Idempotency & Exactly-Once Semantics

A user clicks “Pay $99” and the spinner hangs for 30 seconds. The mobile app times out and retries. But the original request actually succeeded — the network just dropped the response. Now the user has been charged $198 for one order. Or: a Kafka consumer processes an event, writes to a database, and crashes before committing the offset. On restart, Kafka redelivers the same event and the consumer charges the customer a second time. Every distributed system has these failure modes, and the only defense is to make every write operation idempotent so retries are safe by construction.

An operation is idempotent if applying it N times produces the same result as applying it once. Idempotency is the foundation of safe retry logic — without it, every network failure becomes a potential double-charge, double-insert, or duplicate event.

The Retry Problem

Networks fail. Servers restart. Clients time out. When a client sends a request and doesn’t receive a response, it cannot know whether:

The request never arrived (safe to retry)
The request arrived and was processed but the response was lost (dangerous to retry)

sequenceDiagram
    participant C as Client
    participant S as Server
    participant DB as Database

    C->>S: POST /payments/charge $100
    S->>DB: INSERT payment (amount=100)
    DB->>S: OK
    Note over S,C: Network failure — response lost

    C->>S: POST /payments/charge $100 (retry)
    S->>DB: INSERT payment (amount=100)
    DB->>S: OK
    S->>C: 200 OK

    Note over DB: $200 charged — user charged twice

Without idempotency, the client’s correct behavior (retry on failure) causes a bug. The server has no way to distinguish a retry from a new request.

Idempotency Keys

An idempotency key is a client-generated unique identifier that ties a request to its result.
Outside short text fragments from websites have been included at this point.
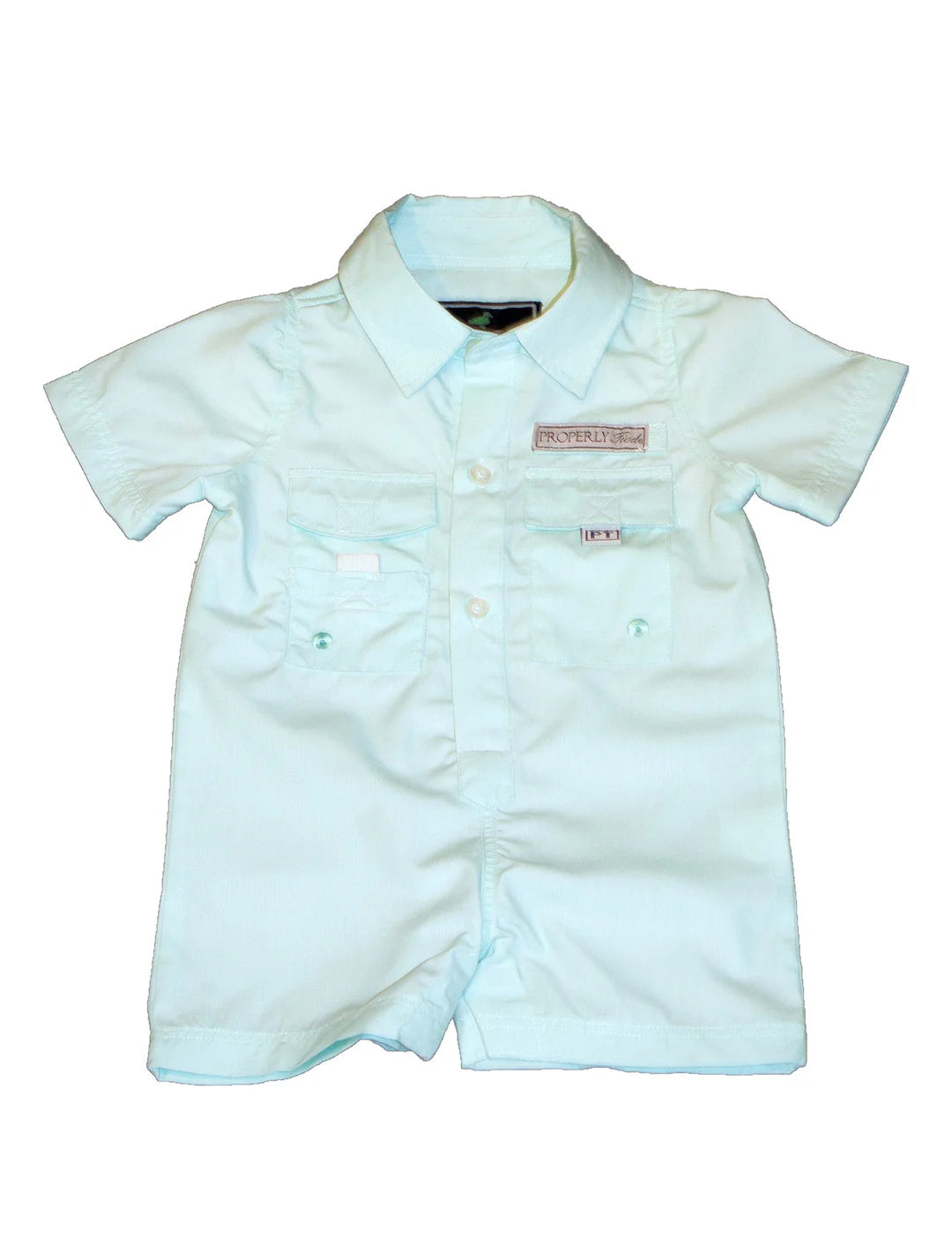 Properly Tied Baby Perfomance Fishing Shortall Seafoam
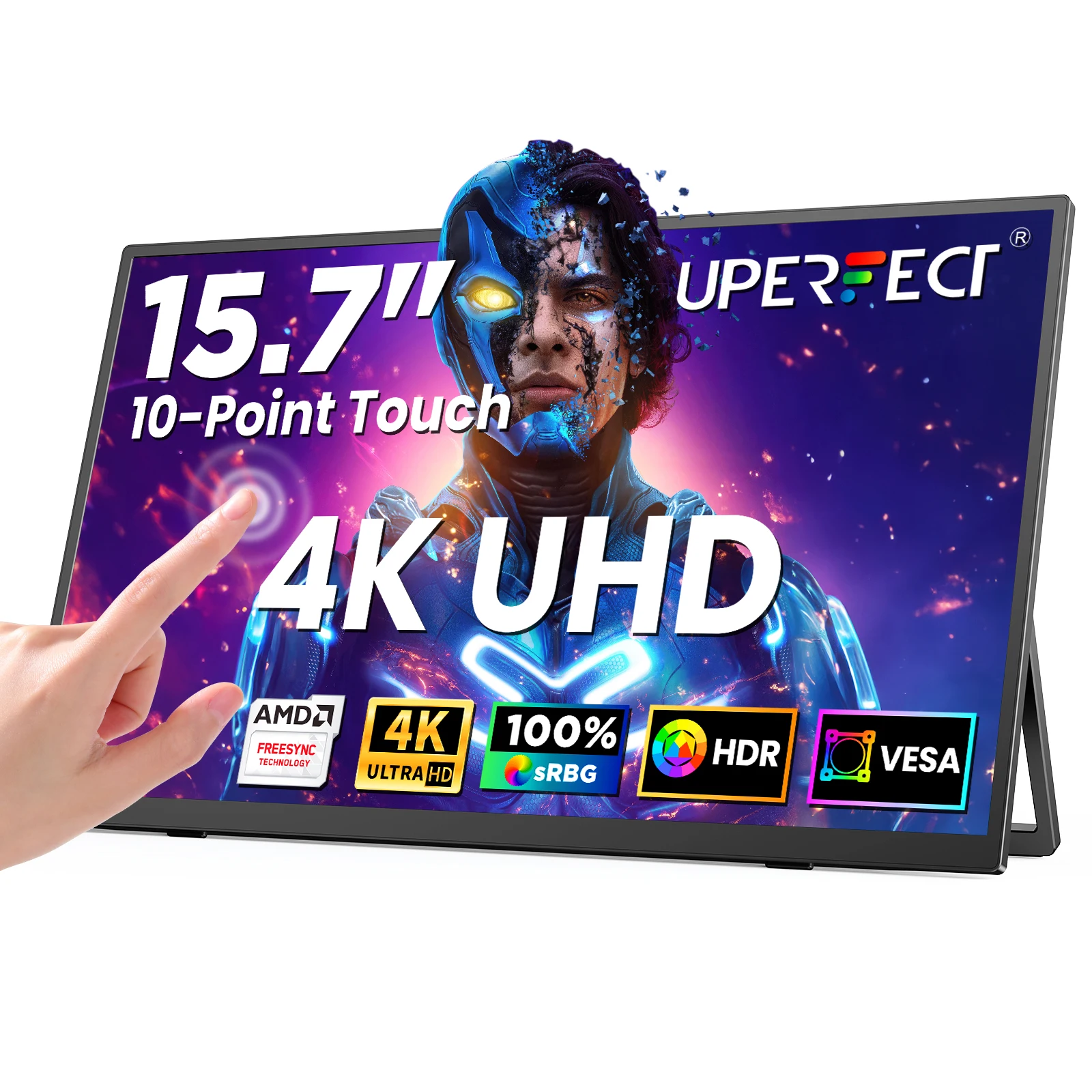 UPERFECT Touch Portable Monitor 15.7"4K UHD 3840x2160 350Nits HDR Travel display Second Screen For Laptop Mac PC Xbox PS5 Switch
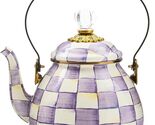 Mackenzie-Childs Purple-and-White Violet Check Tea Kettle 2 Qt New Free Shipping - $149.95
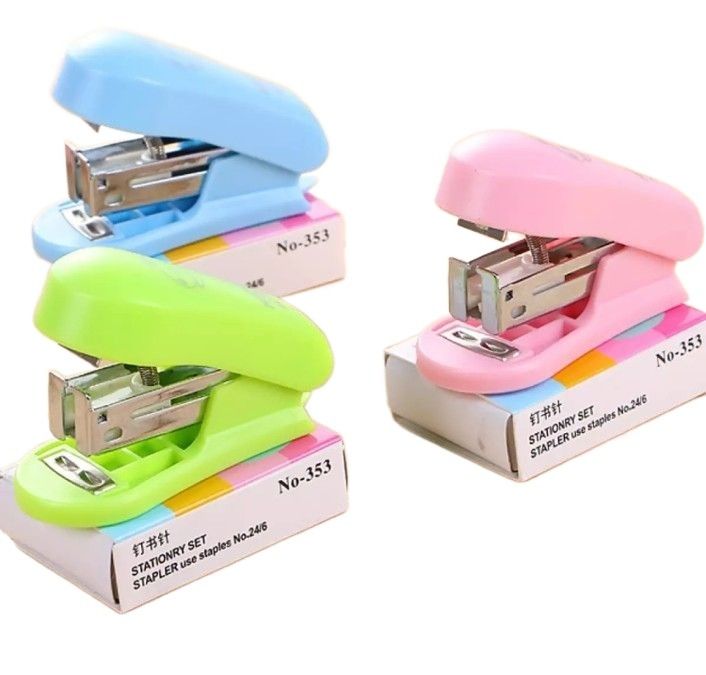 Pack of 2 Mini Staplers with Pins – Compact, Smooth, and High-Quality Office &amp; School Use (Random color) View Gallery - Pakistan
The server stores the result the first time it processes the request and returns the cached result on any duplicate.

sequenceDiagram
    participant C as Client
    participant S as Server
    participant DB as Database

    C->>S: POST /payments/charge\nIdempotency-Key: a3f9d7c2
    S->>DB: SELECT result WHERE key='a3f9d7c2'
    DB->>S: (no result — first time)
    S->>DB: INSERT payment; INSERT idempotency(key, result)
    DB->>S: OK
    S->>C: 200 OK (payment_id: p_123)

    Note over C: Network failure on first attempt — client retries

    C->>S: POST /payments/charge\nIdempotency-Key: a3f9d7c2 (same key)
    S->>DB: SELECT result WHERE key='a3f9d7c2'
    DB->>S: payment_id: p_123 (cached result)
    S->>C: 200 OK (payment_id: p_123) ← same response, no duplicate charge

Key properties:

Client-generated — typically a UUID v4 or UUID v7 per request attempt
Server-stored — the key + result is stored durably (database or Redis with persistence)
TTL-bounded — keys expire after a window (Stripe: 24 hours; PayPal: 30 days)
Scope — tied to a specific operation type; same key on different endpoints is a different idempotency record

Race condition — two concurrent requests with the same key:

Thread A: SELECT → no result → begin processing
Thread B: SELECT → no result → begin processing
Both threads process the same request twice

Solution: Acquire a lock before processing. Either:

INSERT INTO idempotency_keys (key) VALUES (?) ON CONFLICT DO NOTHING — check rows affected; only proceed if 1 row inserted
Redis SET key "processing" NX PX 30000 — only one caller gets NX=1

Used by: Stripe (Idempotency-Key header), PayPal (PayPal-Request-Id), Braintree, most payment APIs. Non-payment APIs that involve writes (send email, create resource) also benefit.

Delivery Guarantees

Every message-passing system — queues, event streams, RPCs — provides one of three delivery guarantees:

Guarantee	Behavior	Loss?	Duplicates?	How
At-most-once	Message delivered 0 or 1 times	Yes	No	Fire-and-forget; no retry on failure
At-least-once	Message delivered 1+ times	No	Yes	Retry until ACK; consumer must be idempotent
Exactly-once	Message delivered exactly 1 time	No	No	Coordination protocol; most expensive

At-most-once is appropriate when loss is acceptable and duplicates are worse than gaps — UDP video streaming, metrics sampling where a dropped point doesn’t matter.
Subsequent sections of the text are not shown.